» EXERCISE DIRECTIONS: The required output is every entry below, copied exactly.

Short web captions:
•••

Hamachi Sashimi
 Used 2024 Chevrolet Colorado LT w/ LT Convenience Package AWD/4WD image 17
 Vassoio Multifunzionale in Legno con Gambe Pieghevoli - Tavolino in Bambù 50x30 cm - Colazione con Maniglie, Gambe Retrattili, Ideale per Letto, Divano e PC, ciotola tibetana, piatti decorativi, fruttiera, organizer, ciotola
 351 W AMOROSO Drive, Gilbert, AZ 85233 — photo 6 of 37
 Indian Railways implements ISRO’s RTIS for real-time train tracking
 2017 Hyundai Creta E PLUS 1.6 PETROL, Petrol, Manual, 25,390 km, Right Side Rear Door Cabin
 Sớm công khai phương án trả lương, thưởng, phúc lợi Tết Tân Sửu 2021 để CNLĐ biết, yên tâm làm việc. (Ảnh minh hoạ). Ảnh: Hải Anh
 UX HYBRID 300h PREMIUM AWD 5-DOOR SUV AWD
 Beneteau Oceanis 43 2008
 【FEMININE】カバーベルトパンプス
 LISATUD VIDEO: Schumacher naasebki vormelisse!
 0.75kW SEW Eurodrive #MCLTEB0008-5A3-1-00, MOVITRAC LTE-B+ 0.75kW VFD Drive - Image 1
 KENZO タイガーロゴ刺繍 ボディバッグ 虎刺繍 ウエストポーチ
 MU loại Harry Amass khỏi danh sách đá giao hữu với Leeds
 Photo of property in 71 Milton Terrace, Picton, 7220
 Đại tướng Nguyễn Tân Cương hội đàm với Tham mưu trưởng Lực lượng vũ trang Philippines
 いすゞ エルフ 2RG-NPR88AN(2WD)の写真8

•••

» ANSWER:
Hamachi Sashimi
 Used 2024 Chevrolet Colorado LT w/ LT Convenience Package AWD/4WD image 17
 Vassoio Multifunzionale in Legno con Gambe Pieghevoli - Tavolino in Bambù 50x30 cm - Colazione con Maniglie, Gambe Retrattili, Ideale per Letto, Divano e PC, ciotola tibetana, piatti decorativi, fruttiera, organizer, ciotola
 351 W AMOROSO Drive, Gilbert, AZ 85233 — photo 6 of 37
 Indian Railways implements ISRO’s RTIS for real-time train tracking
 2017 Hyundai Creta E PLUS 1.6 PETROL, Petrol, Manual, 25,390 km, Right Side Rear Door Cabin
 Sớm công khai phương án trả lương, thưởng, phúc lợi Tết Tân Sửu 2021 để CNLĐ biết, yên tâm làm việc. (Ảnh minh hoạ). Ảnh: Hải Anh
 UX HYBRID 300h PREMIUM AWD 5-DOOR SUV AWD
 Beneteau Oceanis 43 2008
 【FEMININE】カバーベルトパンプス
 LISATUD VIDEO: Schumacher naasebki vormelisse!
 0.75kW SEW Eurodrive #MCLTEB0008-5A3-1-00, MOVITRAC LTE-B+ 0.75kW VFD Drive - Image 1
 KENZO タイガーロゴ刺繍 ボディバッグ 虎刺繍 ウエストポーチ
 MU loại Harry Amass khỏi danh sách đá giao hữu với Leeds
 Photo of property in 71 Milton Terrace, Picton, 7220
 Đại tướng Nguyễn Tân Cương hội đàm với Tham mưu trưởng Lực lượng vũ trang Philippines
 いすゞ エルフ 2RG-NPR88AN(2WD)の写真8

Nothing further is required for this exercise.